• Exercise prompt
Exact wording is needed for every line from the one holding "Porsche Panamera : क्या" to the end of the records below; write those lines out and omit the pictures.

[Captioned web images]
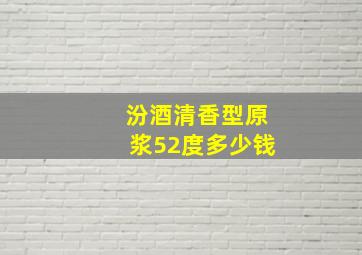 汾酒清香型原浆52度多少钱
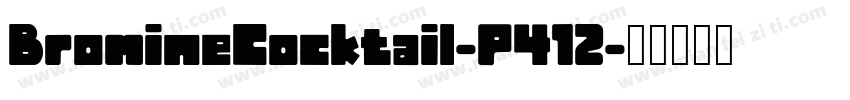 BromineCocktail-P412字体转换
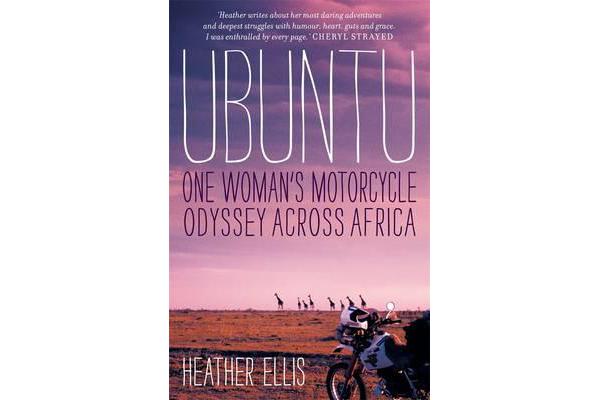 Ubuntu - One woman's motorcycle odyssey across Africa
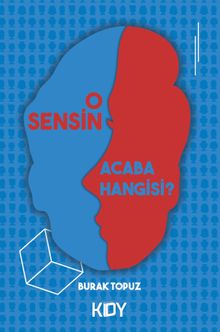 O Sensin Acaba Hangisi? - Burak Topuz PDF İndir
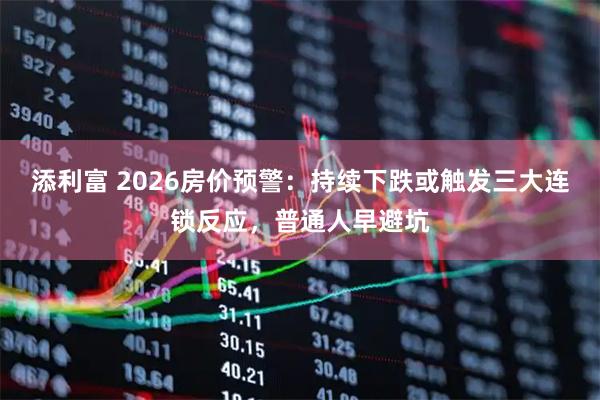 添利富 2026房价预警：持续下跌或触发三大连锁反应，普通人早避坑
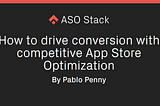 How to drive conversion with competitive App Store Optimization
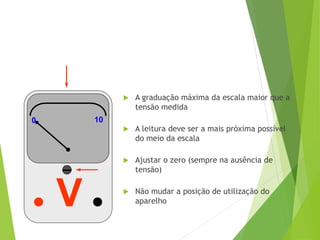 V
0 10
0 10
 A graduação máxima da escala maior que a
tensão medida
 A leitura deve ser a mais próxima possível
do meio da escala
 Ajustar o zero (sempre na ausência de
tensão)
 Não mudar a posição de utilização do
aparelho
 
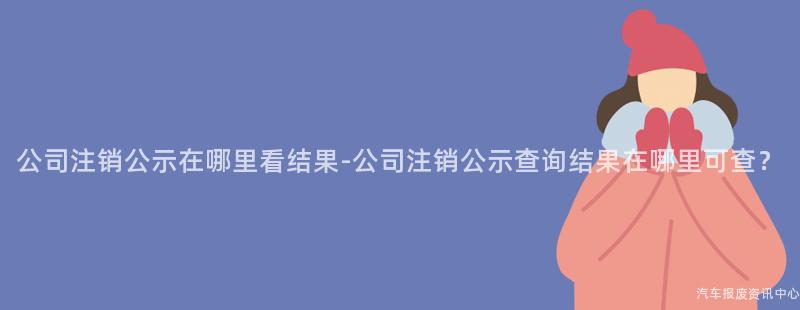 公司注销公示在哪里看结果-公司注销公示查询结果在哪里可查？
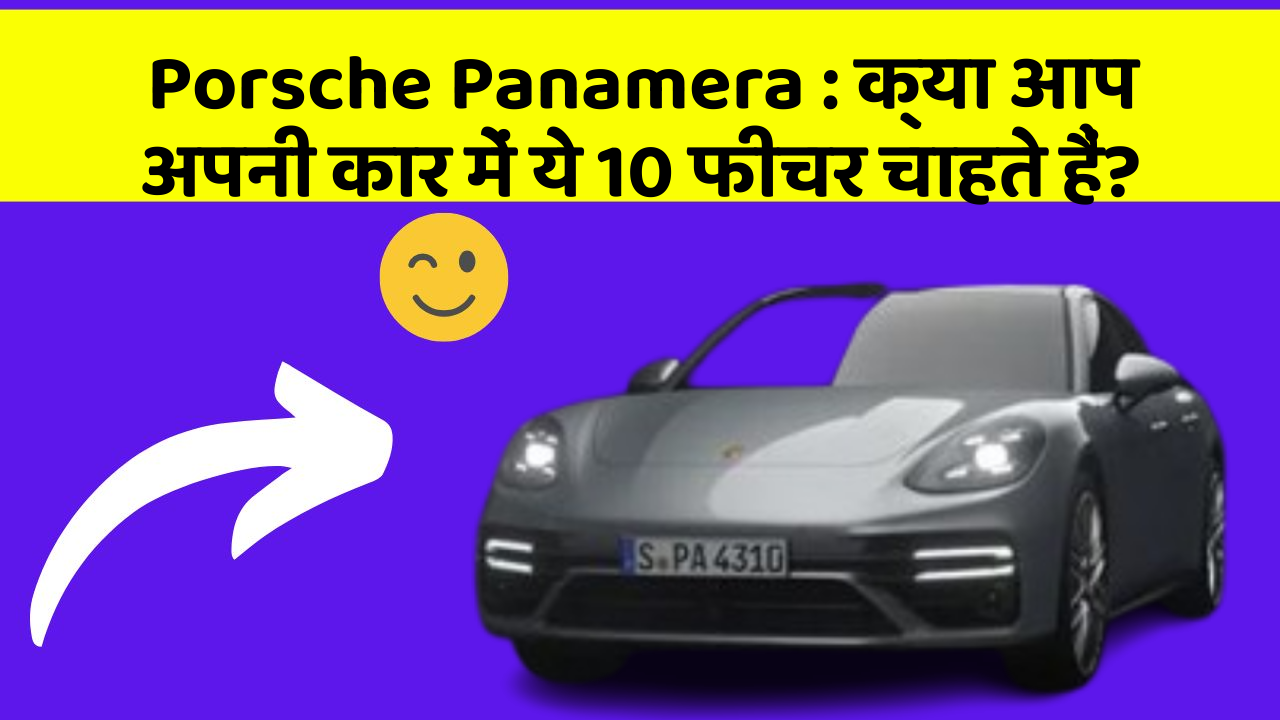 Porsche Panamera : क्या आप अपनी कार में ये 10 फीचर चाहते हैं?
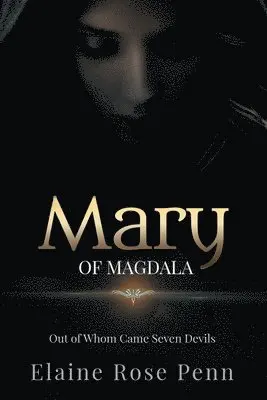 Elaine Rose Penn - Mary of Magdala, Häftad. Tillgänglighet: Lägg i varukorg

• Written response
 Porsche Panamera : क्या आप अपनी कार में ये 10 फीचर चाहते हैं?
 Elaine Rose Penn - Mary of Magdala, Häftad. Tillgänglighet: Lägg i varukorg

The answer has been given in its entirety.